Portability is a relative term. Many of the boys to whom I loan a palmtop machine simply put it in their trouser pocket. Girls, on the other hand, usually put it in a school bag along with their books and so on. These Asus machines are about twice the size of a Psion, four times that of a Palm device. That makes them unpocketable, but doesn’t much affect a school bag. For boys, then, a change in behaviour is often necessary for these machines to be considered “portable”, but not for most girls.
For that reason, I loaned all five machines out to boys on 24 hour tickets in the first week just to see what would happen. In most cases, they went into sports bags (and came bag muddy) or satchels (and came back covered in grey fluff). In a significant minority (15%) of cases they were carried around continually in the hand, which places them at considerably greater risk (but see below on survivability).
After the first week they were loaned as required, regardless of gender or time span; as expected, the girls treated them exactly as if they were palmtops.
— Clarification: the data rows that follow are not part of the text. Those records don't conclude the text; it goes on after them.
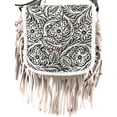 thumbnail image 3 of Western Genuine Leather Cowgirl Crossbody Messenger Fringe Laser Cut Purse Bag, 3 of 4
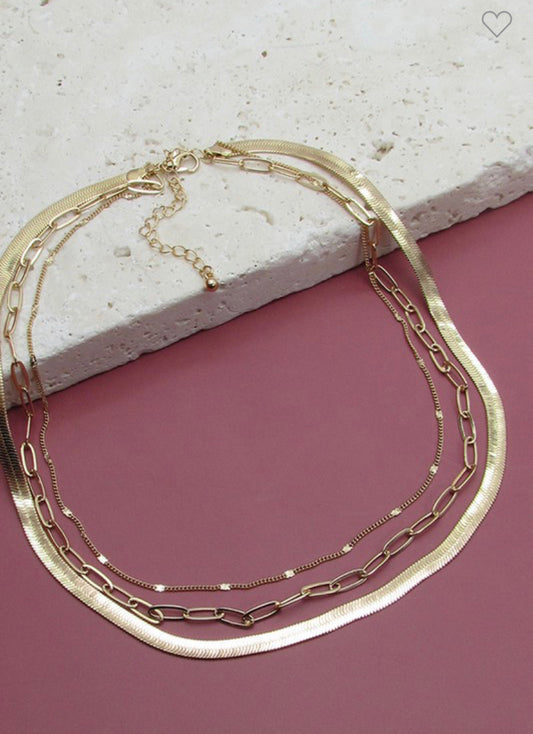 #112 - Multi Layer Herringbone Snake Link Chain Necklace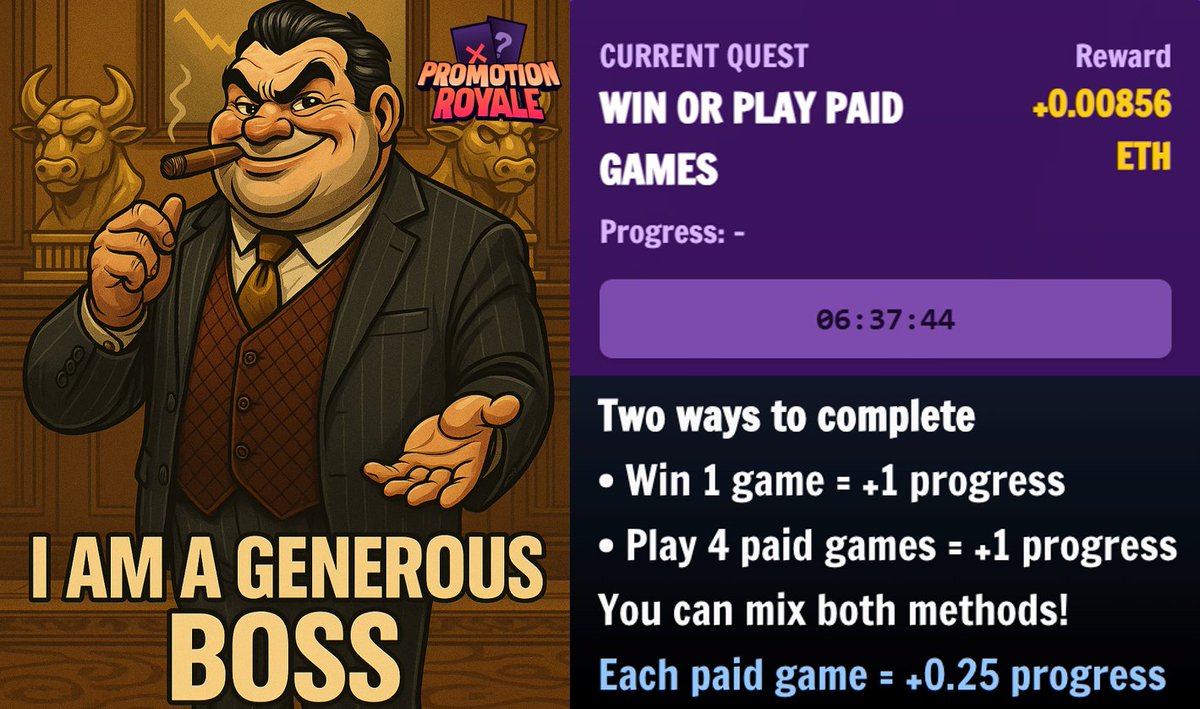Promotion Royale (@promotionroyale) on Twitter photo Battle Pass Update
The Boss has noticed that a number of new employees are struggling in our cutthroat meetings.
In his infinite wisdom, he has provided an alternative to Battle Pass Win Quests - every 4 games lost will now count as the same contribution as a Win. Battle Pass Update
The Boss has noticed that a number of new employees are struggling in our cutthroat meetings.
In his infinite wisdom, he has provided an alternative to Battle Pass Win Quests - every 4 games lost will now count as the same contribution as a Win.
Survivability was more worrying, and I asked how much risk was acceptable in field trialling. The answer back from the sponsor was that deliberate attempts to test a machine to destruction would be unacceptable, but that we shouldn’t let potential hazard stop us from doing things we would do with a palmtop. It happened that a joint maths/sport project was under way, so the trial subnotebooks were added to the stock of Psions and Palms and allowed to go out onto football and netball pitches.
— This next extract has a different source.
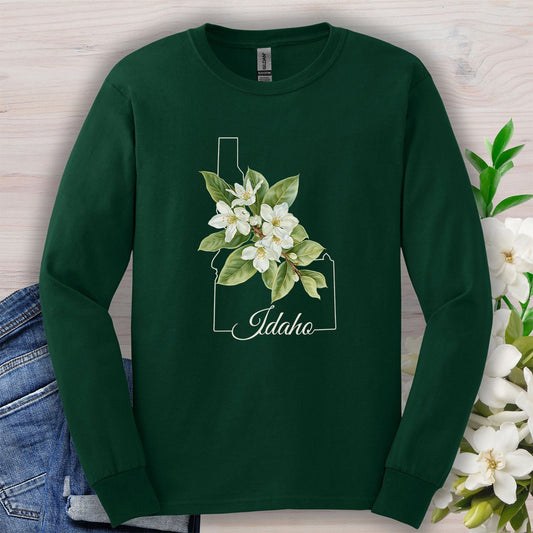 Idaho State Flower Long Sleeve Tee - Syringa (Mock Orange)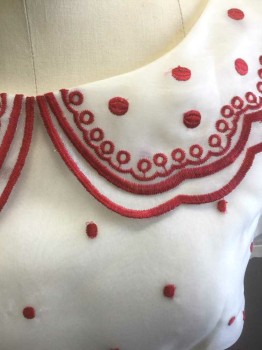Womens, Dress, Short Sleeve, N/L, White, Red, Polyester, Cotton, Dots, Geometric, 4, White Chiffon with Red Embroidered Dots, Opaque White Underlayer, Short Puffy Sheer Sleeves, Scoop Neck, Rounded Collar with Red Embroidered Scallopped Edges and Red Looped Detail Embroidery and Larger Dots, Pleats at Waist, Multiple Horizontal Pleats Near Hem, Scalloped Detail at Hem (Same As on Collar), A-Line Skirt, Hem Above Knee,  Invisible Zipper at Center Back, "Lolita" Inspired Look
A football pitch provided the severest test of survivability. A pupil took one of the netbooks down to a practice game to try out both real time analysis of game descriptors entered into a spreadsheet (OpenOffice Calc, saving in Excel file format) and video capture to disk using the built in camera. The computer’s novelty attracted a lot of attention and it wasn’t long before attempts were made to take it away from its guardian, who resisted. In the resulting mêlée the computer was dropped, trampled on by several sets of studded boots and rolled over by half a dozen tussling nine year old boys. When order had been restored, the referee had to dig it out of the mud. Cleaning the mud out of USB ports, Ethernet socket, VGA output connector, sound jacks and, worst of all, the keyboard, took a lot of time, patience and cocktail sticks but, miraculously, everything was still in perfect working order. After that, we sealed all orifices with electrical insulating tape unless they were needed for use; proper sealing plugs would be better still, but would probably get lost fairly quickly.
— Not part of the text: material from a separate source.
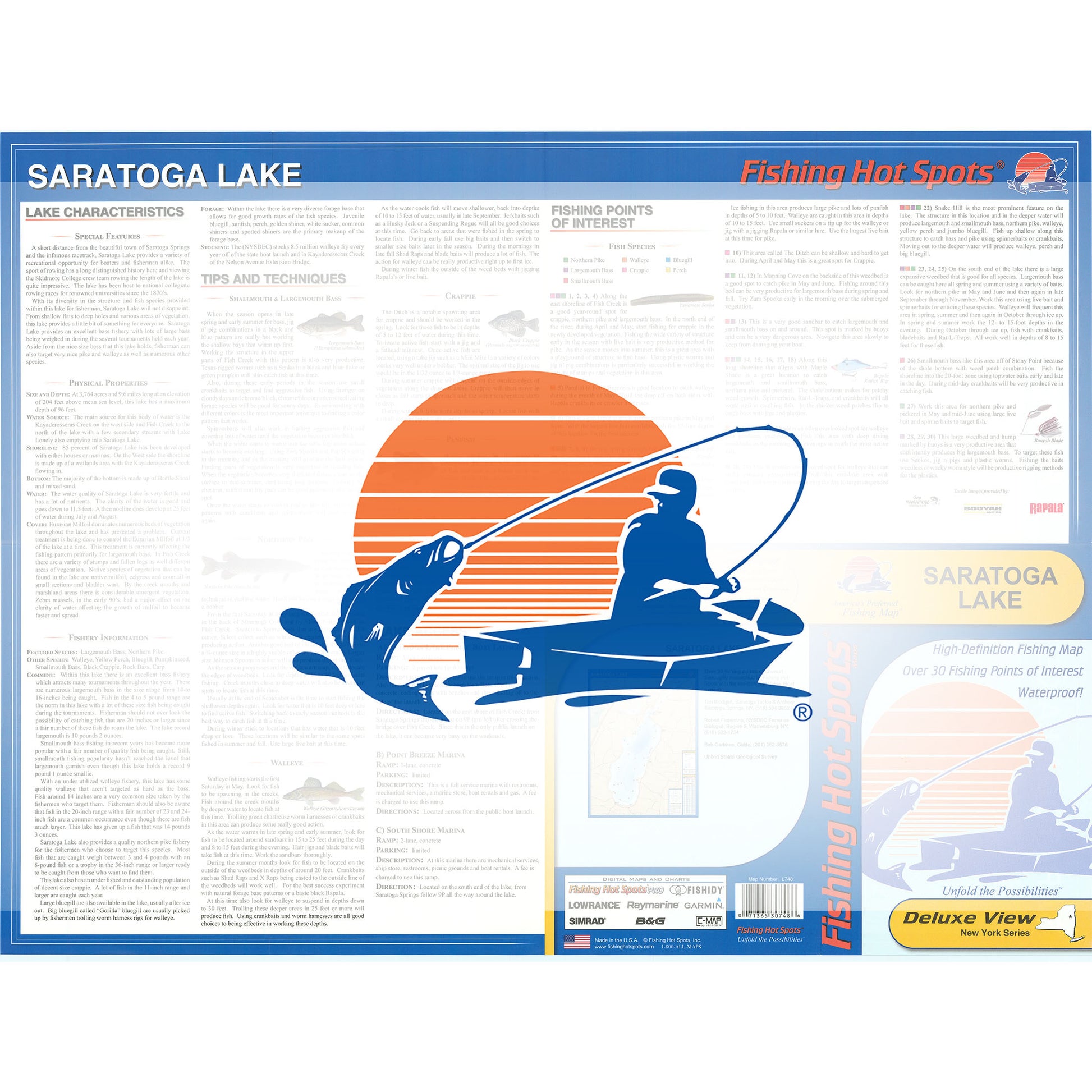 Saratoga Lake Fishing Map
Fast forward: despite horror stories like this, and my gut feeling that these machines are not ultimately as robust as handhelds, none came to grief in the time we had them.
My summary judgement: these are a valuable addition to the portable computing options available for primary science. Since Psion type machines are no longer made, and can only be replaced second hand, their gradual replacement on failure by these small subnotebooks seems a good strategy. At the same time, it would be a mistake to withdraw a working handheld (especially of the palm type). For as long as possible, keep existing palmtop hardware in use but expand enthusiastically with subnotebooks.